> _TRY IT_: Find "Black and White Pom - Image 4" in the entries below; copy that line through the last, exactly, with no pictures.

> _DATA FOR PROCESSING_:

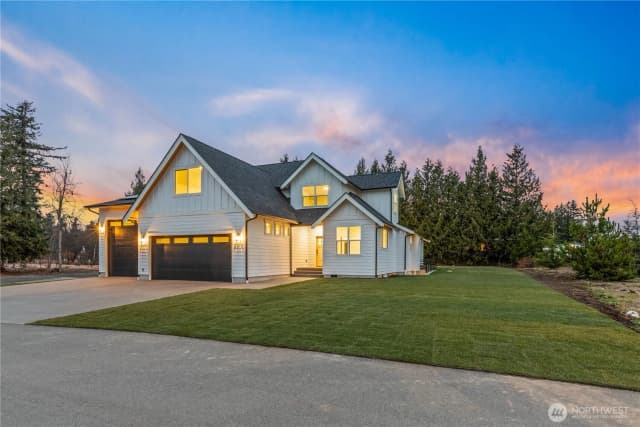 Property photo for 6917 Red Ridge Drive, Lynden photo 2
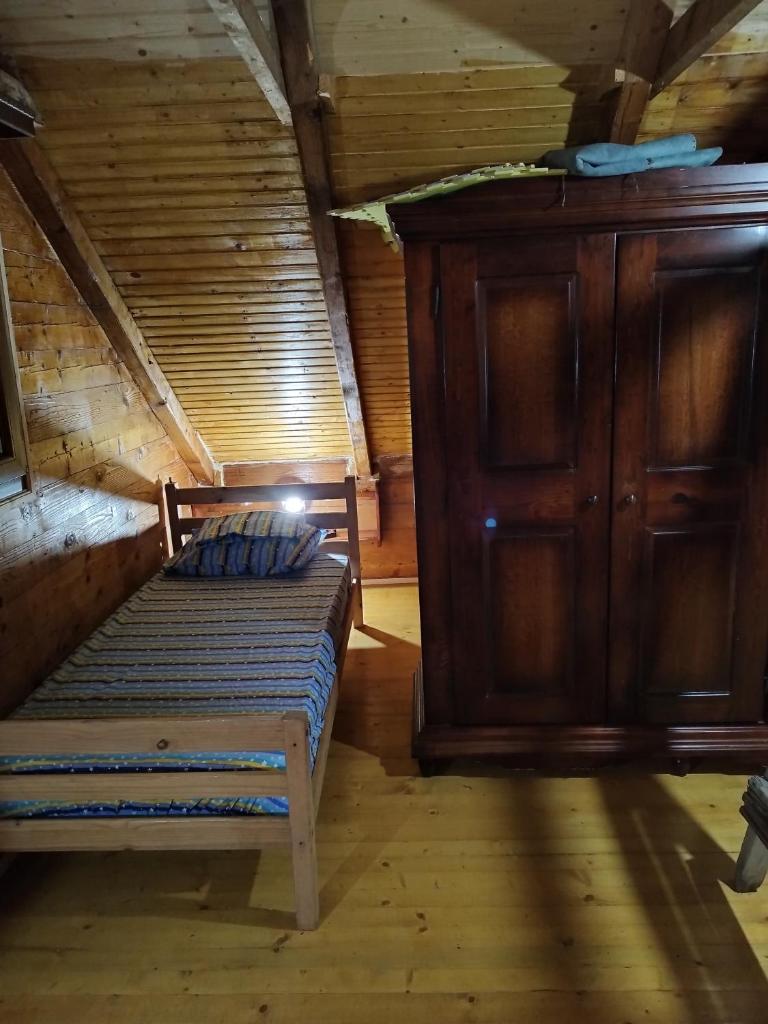 Kuca u šumi photo 1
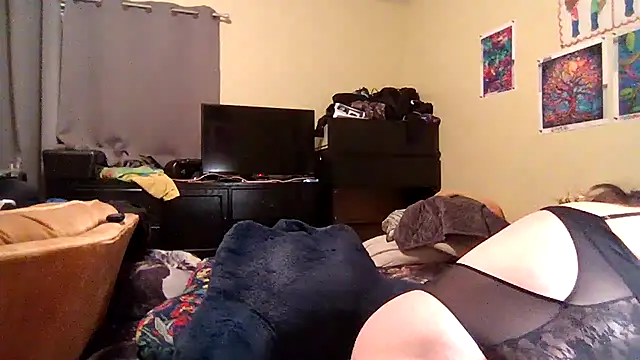 Snapshot of newfieocean chatting on November 9, 3:49 am newfieocean online show from November 9, 3:49 am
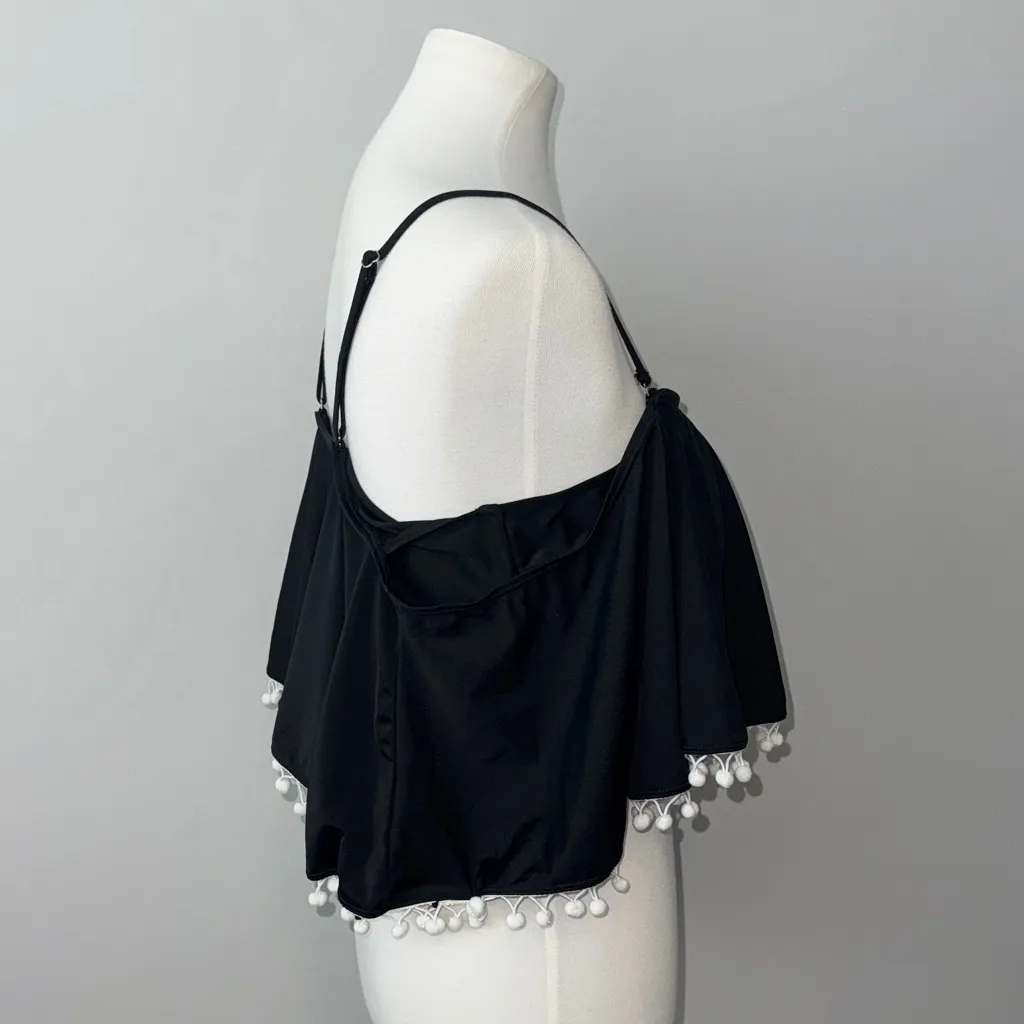 Black and White Pom - Image 4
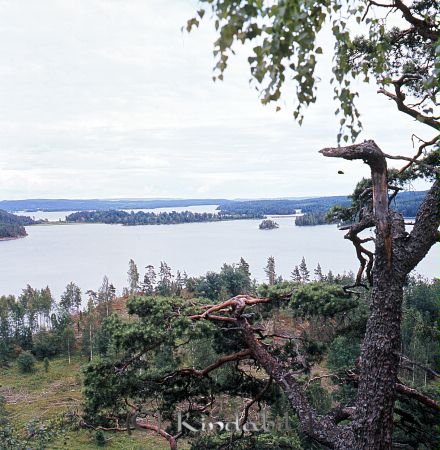 Kindavyer
raja
Foto över en större sjö taget frpn en höjd
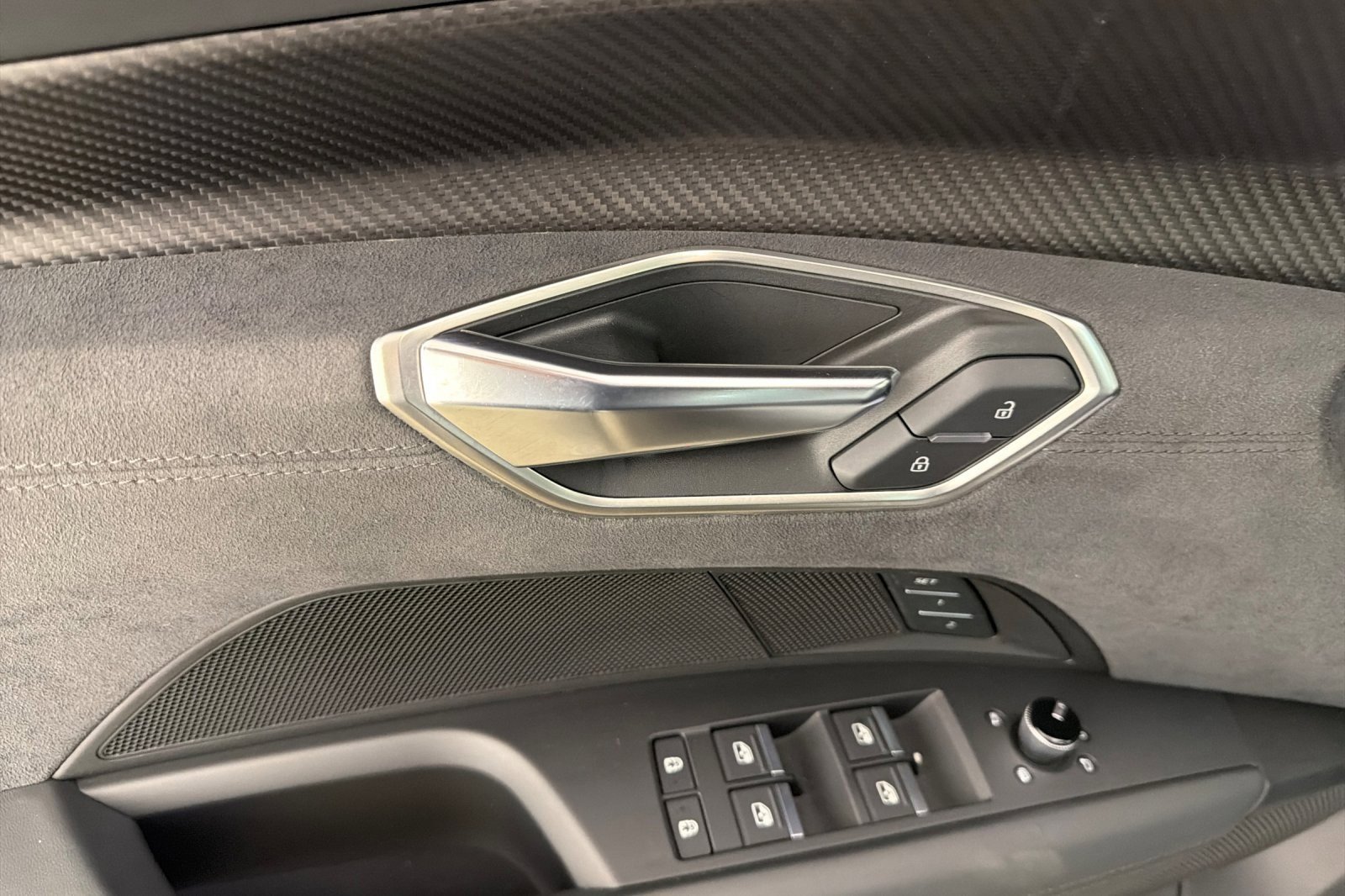 Used 2024 Audi e-tron GT Premium Plus image 10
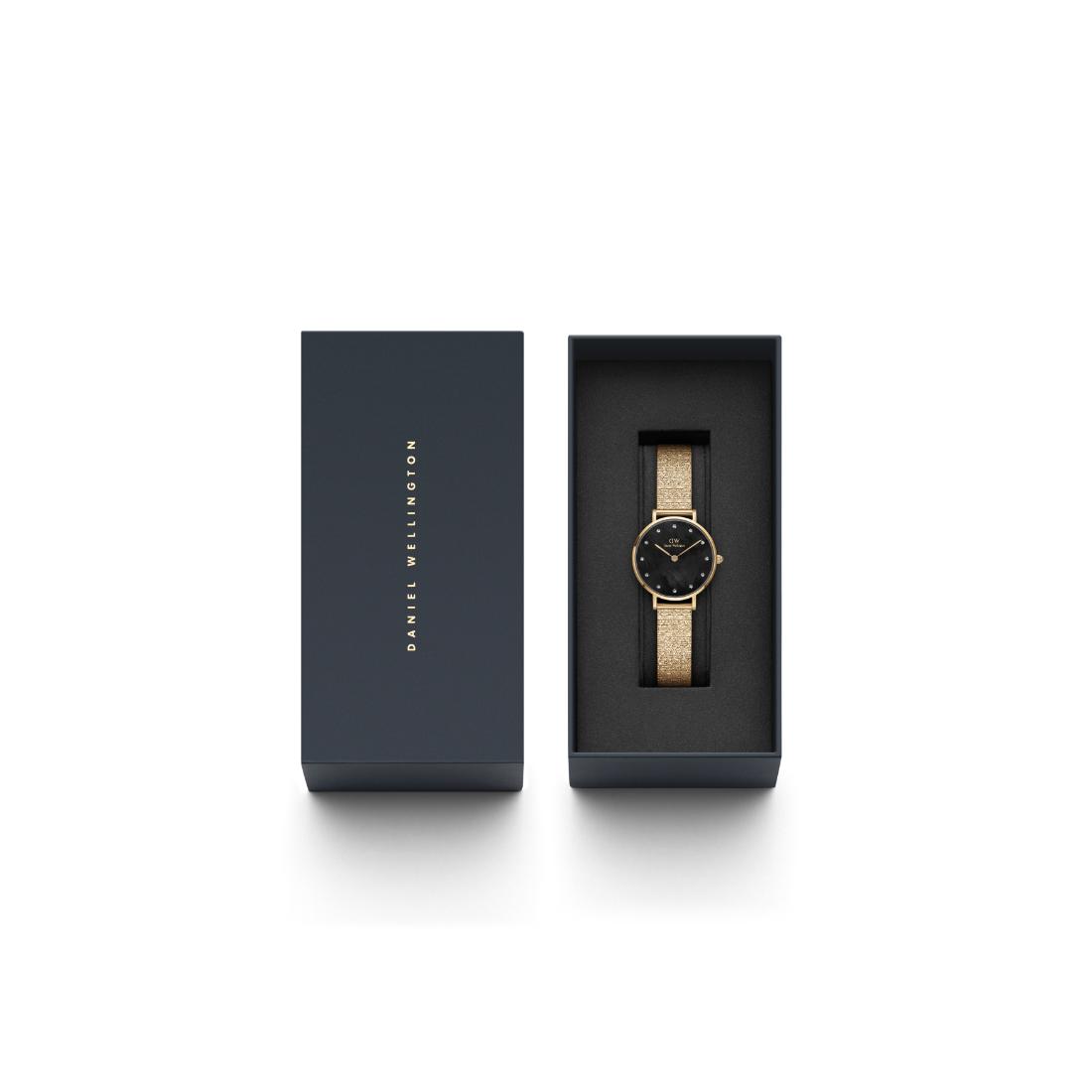 Daniel Wellington Black Dial Women Analogue Watch  DW00100595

> _EXERCISE SOLUTION_:
 Black and White Pom - Image 4
 Kindavyer
raja
Foto över en större sjö taget frpn en höjd
 Used 2024 Audi e-tron GT Premium Plus image 10
 Daniel Wellington Black Dial Women Analogue Watch  DW00100595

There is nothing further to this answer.